Dietro alla fattoria di nonna Ada c’è un bellissimo campo di girasoli: belli, grandi e gialli. I girasoli sono dei fiori molto simpatici che amano stare insieme e chiacchierare.
Ogni mattina, quando si svegliano, cercano la luce del sole, perché questa li riscalda e li fa sentire bene; e sotto quella luce parlano e giocano, ridono e si fanno perfino gli scherzi.

Un giorno, in mezzo a quei fiori alti e forti, è nato uno piccolino che restava coperto dalle teste gialle dei suoi fratelli.
“Ehi, voi lassù.. spostatevi,” diceva quel piccolo fiore. “Fatemi vedere il sole: ho bisogno anch’io della sua luce per crescere.”
Ma non c’era nulla da fare: quei grandi fiori chiacchieravano tra loro e non sentivano la vocina del piccolo girasole.
Passavano i giorni e il fiore restava all’ombra, ma non riuscendo a ricevere la luce del sole restava sempre piccolo e nascosto in mezzo ai suoi fratelli.
“Come faccio diventare grande, se non riesco a vedere il sole?” si chiedeva quel fiore che voleva crescere e diventare grande come gli altri. Mentre si faceva queste domande, ecco passare un’ape.

“Sei triste, piccolo fiore?” Chiese l’ape.
“Un po’,” disse il girasole. “I miei fratelli sono grandi e ricevono tutta la luce calda del sole che li rende alti e forti; Io invece che sono qui in basso conosco solo l’ombra e resto sempre piccolo.”
“Io posso aiutarti. Ogni mattina posso volare tra i fiori e chiedere a ciascuno di loro di darmi un po’ del calore che raccolgono dal sole; poi la sera scendo da te e te lo porto.”

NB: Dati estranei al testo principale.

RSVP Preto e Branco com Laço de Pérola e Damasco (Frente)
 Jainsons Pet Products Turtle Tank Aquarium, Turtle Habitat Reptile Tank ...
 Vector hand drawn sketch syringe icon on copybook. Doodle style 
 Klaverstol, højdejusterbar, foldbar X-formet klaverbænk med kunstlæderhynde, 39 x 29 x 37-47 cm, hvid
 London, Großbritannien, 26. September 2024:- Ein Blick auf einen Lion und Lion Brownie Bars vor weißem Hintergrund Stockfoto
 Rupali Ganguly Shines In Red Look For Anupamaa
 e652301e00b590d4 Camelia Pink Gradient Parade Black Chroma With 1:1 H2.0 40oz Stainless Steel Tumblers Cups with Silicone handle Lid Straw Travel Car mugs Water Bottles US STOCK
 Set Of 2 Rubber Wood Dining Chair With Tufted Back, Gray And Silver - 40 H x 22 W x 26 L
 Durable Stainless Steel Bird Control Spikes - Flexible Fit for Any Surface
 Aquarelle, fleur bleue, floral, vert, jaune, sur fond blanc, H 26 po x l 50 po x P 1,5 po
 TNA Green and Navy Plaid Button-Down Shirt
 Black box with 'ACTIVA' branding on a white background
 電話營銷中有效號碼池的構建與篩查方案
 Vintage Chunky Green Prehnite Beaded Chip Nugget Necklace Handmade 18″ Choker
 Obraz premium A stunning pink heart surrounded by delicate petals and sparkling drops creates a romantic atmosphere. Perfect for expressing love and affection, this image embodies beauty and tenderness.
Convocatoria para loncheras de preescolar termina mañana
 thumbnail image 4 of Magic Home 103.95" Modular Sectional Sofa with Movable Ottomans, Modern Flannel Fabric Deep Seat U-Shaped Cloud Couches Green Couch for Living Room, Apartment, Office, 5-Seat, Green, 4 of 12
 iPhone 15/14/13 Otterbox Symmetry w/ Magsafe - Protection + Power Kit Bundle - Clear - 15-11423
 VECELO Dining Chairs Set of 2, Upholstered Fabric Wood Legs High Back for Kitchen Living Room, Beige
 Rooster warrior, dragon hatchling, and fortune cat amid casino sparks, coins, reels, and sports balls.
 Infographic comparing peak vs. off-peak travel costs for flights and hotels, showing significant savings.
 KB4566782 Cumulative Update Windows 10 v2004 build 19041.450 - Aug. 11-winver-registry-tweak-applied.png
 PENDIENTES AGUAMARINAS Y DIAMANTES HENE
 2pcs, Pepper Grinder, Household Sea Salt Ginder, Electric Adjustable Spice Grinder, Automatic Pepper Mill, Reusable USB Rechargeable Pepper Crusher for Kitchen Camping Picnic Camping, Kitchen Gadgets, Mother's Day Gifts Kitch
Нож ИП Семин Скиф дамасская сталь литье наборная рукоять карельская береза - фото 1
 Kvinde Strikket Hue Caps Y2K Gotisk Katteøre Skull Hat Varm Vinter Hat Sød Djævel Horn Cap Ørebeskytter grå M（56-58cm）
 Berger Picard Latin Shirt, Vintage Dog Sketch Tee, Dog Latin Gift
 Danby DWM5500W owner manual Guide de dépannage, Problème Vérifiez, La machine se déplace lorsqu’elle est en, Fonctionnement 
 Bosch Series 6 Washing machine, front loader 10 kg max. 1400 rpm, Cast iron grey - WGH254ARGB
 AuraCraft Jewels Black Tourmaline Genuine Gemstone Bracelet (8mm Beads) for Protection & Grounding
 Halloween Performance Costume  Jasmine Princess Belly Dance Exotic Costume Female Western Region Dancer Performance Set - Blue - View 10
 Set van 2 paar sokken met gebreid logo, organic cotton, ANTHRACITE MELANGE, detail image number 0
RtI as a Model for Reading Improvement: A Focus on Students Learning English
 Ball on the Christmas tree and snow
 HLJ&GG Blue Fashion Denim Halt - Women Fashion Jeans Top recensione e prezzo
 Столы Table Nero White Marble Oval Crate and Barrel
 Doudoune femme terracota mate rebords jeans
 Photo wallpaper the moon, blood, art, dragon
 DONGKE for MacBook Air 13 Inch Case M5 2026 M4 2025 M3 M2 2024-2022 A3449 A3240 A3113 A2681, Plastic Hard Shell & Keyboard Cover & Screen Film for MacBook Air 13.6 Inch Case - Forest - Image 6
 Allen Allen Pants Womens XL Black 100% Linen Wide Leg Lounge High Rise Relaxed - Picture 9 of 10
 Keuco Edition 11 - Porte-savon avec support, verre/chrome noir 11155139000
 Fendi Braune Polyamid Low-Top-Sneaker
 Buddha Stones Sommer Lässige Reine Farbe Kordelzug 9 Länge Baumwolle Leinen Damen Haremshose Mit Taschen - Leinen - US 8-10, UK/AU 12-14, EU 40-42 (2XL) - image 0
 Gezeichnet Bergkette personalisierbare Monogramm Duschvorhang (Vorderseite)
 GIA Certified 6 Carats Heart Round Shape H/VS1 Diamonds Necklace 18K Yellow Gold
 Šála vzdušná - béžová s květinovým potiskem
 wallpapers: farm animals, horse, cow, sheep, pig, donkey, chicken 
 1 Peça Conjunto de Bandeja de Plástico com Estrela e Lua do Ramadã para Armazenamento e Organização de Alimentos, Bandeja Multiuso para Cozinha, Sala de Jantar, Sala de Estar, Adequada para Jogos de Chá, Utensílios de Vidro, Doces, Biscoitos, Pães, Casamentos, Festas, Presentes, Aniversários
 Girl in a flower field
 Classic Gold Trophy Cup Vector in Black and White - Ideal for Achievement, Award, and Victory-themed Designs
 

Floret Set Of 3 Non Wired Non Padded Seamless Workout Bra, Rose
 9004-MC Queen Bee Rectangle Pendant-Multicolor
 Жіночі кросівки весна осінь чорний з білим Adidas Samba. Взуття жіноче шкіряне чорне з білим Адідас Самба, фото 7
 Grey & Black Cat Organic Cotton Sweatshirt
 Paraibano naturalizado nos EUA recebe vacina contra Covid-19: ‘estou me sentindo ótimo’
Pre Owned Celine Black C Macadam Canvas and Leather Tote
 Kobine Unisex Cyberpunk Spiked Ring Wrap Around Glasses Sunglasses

“Siii…” disse il girasole, contento. “Così potrò crescere anch’io e diventare grande.”
“Esatto, ma….”
“Ma, cosa?” chiese il piccolo Girasole.
“Ma per darti la luce del sole, devo farti una piccolissima puntura con il mio pungiglione..”
“UNA PUNTURA???? No, no…. Non voglio.” Il Girasole voleva scappare via, ma le radici lo tenevano fermo lì.
"Va bene." disse l’ape. "Ma è un vero peccato! Lassù ci sono tante cose belle che da qui non riesci a vedere. Le farfalle, le nuvole .. Potrai sentire la brezza leggera del vento e vedere gli uccellini che da qui senti solo cinguettare."
Il piccolo Girasole ci pensò bene.

“Ma mi farai male con quella puntura?”
“Useremo il trucco delle api: tu conterai fino a 4 e la puntura sarà finita.”
Il piccolo Girasole ci pensò bene. Poi decise di accettare.
L’ape venne a trovarlo tutti i giorni e tutti i giorni gli portò la luce del sole.
Il girasole imparò il trucco delle api e non ebbe più paura.
E sapete adesso dov’è? È cresciuto: è diventato un fiore alto e bellissimo che tutte le mattine guarda il sole insieme ai suoi fratelli.